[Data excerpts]
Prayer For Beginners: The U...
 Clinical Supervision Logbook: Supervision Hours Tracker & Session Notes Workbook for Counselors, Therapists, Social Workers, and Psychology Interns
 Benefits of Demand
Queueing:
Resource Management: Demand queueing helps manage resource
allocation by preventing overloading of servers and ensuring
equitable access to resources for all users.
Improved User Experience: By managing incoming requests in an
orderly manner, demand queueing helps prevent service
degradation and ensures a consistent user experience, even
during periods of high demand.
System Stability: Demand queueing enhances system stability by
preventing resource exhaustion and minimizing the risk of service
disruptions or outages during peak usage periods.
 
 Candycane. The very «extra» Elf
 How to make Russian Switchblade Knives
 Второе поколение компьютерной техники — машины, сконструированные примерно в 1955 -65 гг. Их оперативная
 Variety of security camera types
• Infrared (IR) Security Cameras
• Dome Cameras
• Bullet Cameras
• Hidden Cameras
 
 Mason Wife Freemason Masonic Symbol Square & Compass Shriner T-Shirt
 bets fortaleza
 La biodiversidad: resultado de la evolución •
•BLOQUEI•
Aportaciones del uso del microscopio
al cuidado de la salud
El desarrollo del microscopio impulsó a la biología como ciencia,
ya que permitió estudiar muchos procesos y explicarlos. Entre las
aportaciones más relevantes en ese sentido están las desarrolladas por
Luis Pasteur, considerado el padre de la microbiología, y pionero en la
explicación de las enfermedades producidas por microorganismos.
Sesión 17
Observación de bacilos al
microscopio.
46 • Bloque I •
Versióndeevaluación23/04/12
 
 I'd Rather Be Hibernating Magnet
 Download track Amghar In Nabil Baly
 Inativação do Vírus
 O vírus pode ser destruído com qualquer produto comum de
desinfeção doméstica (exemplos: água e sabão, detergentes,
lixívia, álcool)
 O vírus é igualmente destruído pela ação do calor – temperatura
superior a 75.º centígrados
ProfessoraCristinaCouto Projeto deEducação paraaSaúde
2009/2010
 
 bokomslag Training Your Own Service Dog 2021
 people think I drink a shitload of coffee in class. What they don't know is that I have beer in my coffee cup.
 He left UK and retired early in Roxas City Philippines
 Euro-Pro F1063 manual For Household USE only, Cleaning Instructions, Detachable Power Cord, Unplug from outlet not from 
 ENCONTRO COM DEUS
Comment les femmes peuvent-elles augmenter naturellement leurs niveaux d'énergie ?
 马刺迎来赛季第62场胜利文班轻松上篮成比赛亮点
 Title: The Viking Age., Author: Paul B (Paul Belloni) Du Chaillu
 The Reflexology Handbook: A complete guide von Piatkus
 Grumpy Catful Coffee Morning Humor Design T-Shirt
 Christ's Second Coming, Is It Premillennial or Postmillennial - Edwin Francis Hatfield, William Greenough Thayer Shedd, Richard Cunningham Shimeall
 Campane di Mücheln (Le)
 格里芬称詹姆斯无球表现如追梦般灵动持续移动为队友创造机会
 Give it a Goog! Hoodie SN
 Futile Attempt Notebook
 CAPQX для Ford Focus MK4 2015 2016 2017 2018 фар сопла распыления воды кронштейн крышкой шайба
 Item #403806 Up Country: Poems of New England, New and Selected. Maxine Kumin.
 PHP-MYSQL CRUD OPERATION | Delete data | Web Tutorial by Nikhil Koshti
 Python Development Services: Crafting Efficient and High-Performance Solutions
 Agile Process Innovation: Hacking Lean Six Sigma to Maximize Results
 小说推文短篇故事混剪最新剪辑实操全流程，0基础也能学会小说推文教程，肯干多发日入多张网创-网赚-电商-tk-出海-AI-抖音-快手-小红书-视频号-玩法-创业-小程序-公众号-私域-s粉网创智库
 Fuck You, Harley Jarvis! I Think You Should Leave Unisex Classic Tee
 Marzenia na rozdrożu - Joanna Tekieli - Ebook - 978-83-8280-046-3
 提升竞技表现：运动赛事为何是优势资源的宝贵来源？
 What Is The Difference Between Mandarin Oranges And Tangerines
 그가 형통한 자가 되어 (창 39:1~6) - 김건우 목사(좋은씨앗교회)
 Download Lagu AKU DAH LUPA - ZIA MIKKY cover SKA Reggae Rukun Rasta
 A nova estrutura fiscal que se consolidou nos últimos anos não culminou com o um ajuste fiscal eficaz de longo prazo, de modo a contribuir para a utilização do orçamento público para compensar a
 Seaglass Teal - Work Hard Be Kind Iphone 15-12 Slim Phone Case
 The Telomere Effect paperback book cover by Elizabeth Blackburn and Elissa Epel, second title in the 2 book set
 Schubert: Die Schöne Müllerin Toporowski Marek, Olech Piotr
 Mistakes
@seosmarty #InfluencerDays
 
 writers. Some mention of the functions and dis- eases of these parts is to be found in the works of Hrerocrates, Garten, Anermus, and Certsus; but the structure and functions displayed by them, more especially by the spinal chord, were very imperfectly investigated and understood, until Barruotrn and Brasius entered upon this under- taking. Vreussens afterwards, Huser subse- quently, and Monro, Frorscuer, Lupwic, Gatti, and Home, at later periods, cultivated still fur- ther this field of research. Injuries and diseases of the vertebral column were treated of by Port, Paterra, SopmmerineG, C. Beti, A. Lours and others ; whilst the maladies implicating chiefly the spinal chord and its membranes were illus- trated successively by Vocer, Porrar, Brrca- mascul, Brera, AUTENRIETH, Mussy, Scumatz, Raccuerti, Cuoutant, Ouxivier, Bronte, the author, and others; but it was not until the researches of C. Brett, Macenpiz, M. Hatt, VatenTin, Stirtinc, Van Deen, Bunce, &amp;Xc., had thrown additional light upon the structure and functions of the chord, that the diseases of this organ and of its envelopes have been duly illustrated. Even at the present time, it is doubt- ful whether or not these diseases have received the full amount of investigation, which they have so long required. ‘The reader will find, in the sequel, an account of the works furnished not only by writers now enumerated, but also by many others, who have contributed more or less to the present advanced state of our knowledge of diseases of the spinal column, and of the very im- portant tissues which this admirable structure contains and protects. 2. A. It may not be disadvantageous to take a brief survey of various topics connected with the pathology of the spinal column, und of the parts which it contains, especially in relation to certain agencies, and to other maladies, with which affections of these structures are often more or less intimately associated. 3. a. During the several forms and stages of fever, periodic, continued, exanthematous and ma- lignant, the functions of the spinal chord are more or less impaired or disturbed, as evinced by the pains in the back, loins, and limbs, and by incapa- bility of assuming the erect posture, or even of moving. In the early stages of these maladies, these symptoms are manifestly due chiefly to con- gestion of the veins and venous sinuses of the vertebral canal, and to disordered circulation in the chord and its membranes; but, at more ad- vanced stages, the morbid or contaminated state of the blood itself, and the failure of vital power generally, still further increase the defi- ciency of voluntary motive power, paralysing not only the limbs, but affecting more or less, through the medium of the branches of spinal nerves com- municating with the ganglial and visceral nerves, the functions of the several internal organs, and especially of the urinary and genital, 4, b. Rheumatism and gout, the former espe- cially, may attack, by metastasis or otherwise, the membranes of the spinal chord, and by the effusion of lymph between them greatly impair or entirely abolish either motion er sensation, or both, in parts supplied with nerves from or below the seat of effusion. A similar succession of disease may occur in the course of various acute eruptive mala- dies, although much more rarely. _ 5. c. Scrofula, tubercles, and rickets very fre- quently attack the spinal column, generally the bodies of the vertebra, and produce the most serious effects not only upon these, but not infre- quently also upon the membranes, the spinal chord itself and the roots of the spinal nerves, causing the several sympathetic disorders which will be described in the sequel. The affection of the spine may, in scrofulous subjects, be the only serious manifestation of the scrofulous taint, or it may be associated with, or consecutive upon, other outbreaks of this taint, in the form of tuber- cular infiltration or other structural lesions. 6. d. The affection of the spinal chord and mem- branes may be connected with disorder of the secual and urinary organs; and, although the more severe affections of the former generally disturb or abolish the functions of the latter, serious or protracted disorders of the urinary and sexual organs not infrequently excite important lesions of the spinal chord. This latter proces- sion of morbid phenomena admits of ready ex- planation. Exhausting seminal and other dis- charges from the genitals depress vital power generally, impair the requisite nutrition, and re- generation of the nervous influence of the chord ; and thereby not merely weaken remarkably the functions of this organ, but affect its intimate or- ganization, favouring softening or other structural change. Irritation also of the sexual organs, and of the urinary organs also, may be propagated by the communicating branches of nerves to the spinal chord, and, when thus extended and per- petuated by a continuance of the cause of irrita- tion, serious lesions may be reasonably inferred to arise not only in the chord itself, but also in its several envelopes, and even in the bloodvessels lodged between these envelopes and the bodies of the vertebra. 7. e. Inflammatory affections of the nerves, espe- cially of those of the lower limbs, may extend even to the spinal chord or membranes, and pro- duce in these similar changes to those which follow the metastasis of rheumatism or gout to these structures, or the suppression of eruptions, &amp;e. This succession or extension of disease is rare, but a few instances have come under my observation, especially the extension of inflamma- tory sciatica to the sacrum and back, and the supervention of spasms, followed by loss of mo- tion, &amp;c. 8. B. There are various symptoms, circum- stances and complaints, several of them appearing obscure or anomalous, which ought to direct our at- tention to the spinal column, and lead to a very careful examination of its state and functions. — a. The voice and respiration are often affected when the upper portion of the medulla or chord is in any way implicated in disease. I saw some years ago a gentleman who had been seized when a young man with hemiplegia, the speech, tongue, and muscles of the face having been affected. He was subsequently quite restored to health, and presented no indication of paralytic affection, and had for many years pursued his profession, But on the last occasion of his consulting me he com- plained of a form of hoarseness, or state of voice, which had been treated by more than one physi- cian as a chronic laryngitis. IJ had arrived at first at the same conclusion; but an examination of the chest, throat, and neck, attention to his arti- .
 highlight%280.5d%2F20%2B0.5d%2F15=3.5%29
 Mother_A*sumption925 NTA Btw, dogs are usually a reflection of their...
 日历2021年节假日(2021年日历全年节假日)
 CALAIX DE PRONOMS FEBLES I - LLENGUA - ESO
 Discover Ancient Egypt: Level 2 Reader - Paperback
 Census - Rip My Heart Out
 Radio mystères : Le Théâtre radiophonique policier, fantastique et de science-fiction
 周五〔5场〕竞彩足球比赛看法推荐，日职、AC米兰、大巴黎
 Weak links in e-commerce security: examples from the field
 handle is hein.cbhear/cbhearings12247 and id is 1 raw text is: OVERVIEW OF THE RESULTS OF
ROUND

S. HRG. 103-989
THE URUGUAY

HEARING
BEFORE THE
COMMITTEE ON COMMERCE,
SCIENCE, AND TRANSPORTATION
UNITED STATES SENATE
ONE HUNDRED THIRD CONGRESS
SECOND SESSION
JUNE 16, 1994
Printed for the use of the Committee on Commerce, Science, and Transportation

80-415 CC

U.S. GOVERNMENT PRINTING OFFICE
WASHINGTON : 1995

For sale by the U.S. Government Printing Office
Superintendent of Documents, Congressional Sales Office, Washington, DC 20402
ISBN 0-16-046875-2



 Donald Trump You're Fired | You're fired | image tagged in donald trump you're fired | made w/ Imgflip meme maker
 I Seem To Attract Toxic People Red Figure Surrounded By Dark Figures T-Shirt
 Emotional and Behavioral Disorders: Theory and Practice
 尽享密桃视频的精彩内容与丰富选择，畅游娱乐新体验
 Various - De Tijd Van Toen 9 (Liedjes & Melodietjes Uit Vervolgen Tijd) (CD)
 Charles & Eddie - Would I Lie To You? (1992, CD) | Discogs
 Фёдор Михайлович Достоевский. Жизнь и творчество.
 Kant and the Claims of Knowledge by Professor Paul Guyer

> [Activity]: Where a line of the data holds "What", show that line.

> [Answer space]:
 people think I drink a shitload of coffee in class. What they don't know is that I have beer in my coffee cup.
 What Is The Difference Between Mandarin Oranges And Tangerines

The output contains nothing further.